Many people equate the circular economy with recycling — tossing items in the blue bin and hoping they’ll be reborn as something new. But the truth is, recycling alone doesn’t close the loop. Despite our best efforts, much of what we put in the recycling bin still ends up in landfills, the ocean, or even within our own ecosystems and bodies.
Take coffee cups, for example. Think about how many paper and plastic cups are thrown out every day at just one Tim Hortons in Calgary — then multiply that by the thousands of fast food chains operating worldwide. That’s a staggering amount of waste for something used for only a few minutes.
The City of Calgary accepts disposable paper coffee cups in blue cart recycling bins, but their plastic lids are too small to be captured by the city’s sorting systems. And even when cups are collected, they’re notoriously difficult to recycle. That’s because most are lined with a thin layer of polyethylene plastic to prevent leaks — a combination that makes them hard to separate and process, and ultimately, not recyclable everywhere.

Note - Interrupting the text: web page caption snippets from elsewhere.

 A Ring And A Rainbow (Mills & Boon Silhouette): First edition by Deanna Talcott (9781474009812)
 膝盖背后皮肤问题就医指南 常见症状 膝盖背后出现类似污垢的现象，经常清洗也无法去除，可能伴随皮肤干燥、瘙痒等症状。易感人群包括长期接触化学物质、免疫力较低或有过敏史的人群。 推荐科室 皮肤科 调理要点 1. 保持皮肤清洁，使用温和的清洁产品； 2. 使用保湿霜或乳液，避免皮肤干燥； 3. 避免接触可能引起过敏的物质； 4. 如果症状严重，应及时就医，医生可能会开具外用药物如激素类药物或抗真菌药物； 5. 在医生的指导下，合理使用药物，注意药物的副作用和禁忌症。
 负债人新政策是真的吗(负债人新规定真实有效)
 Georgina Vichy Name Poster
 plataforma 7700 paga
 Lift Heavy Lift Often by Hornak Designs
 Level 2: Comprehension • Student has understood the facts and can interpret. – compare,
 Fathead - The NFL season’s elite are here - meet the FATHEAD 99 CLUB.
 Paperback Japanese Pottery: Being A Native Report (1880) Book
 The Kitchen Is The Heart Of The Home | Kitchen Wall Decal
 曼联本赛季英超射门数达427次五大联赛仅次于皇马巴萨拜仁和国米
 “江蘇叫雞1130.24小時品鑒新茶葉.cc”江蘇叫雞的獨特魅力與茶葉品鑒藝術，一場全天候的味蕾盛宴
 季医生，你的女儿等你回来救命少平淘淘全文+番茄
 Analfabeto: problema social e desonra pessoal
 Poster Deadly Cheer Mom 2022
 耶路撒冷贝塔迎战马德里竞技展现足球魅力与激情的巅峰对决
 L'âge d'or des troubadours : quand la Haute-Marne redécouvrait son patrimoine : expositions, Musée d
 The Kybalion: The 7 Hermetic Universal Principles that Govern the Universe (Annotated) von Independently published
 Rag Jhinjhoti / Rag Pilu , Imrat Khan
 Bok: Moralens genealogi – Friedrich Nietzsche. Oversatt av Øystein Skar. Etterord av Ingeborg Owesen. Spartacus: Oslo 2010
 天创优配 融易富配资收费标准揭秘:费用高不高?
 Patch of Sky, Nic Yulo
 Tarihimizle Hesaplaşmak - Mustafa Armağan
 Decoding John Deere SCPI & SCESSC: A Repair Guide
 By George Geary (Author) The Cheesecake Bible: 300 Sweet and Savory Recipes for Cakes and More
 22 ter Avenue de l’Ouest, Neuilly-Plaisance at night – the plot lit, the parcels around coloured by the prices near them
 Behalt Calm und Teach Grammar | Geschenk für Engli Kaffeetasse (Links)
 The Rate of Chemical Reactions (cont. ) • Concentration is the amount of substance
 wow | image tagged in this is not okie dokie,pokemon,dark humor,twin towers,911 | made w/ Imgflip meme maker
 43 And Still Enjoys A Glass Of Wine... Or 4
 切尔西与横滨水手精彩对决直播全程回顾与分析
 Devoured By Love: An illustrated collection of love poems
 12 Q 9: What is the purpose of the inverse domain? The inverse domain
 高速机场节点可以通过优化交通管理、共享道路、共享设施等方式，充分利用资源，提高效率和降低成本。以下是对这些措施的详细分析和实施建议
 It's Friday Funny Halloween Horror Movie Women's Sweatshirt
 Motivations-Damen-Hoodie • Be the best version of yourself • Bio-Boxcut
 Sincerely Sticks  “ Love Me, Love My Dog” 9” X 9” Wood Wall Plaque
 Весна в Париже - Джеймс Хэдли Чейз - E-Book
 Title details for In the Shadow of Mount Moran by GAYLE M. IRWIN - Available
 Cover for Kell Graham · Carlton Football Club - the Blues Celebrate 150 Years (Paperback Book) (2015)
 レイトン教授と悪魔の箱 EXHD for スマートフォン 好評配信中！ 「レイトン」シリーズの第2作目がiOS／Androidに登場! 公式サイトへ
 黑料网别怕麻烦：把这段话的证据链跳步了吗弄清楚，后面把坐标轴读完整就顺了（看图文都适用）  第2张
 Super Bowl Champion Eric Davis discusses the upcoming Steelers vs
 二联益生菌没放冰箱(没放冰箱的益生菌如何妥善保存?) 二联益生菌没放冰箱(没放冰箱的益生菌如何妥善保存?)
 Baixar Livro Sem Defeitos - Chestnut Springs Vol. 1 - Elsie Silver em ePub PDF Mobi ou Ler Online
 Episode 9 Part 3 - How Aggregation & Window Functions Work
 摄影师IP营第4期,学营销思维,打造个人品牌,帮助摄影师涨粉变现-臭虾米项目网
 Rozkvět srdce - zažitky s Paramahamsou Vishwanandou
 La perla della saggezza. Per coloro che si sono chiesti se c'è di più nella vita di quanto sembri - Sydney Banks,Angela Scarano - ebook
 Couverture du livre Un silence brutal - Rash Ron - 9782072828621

As Gallina A. Vincelette, World Bank Country Director for the EU, put it:
“Our dominant ‘take-make-use-waste’ global economic model is unsustainable. Current global demand for natural resources exceeds our planet's regenerative capacity by a factor of 1.75; we simply do not have another planet.”
(EU Report, 2022)
So, if we really want to move toward a circular economy, we need to think beyond recycling. It starts with reducing, reusing, repairing, and rethinking our habits.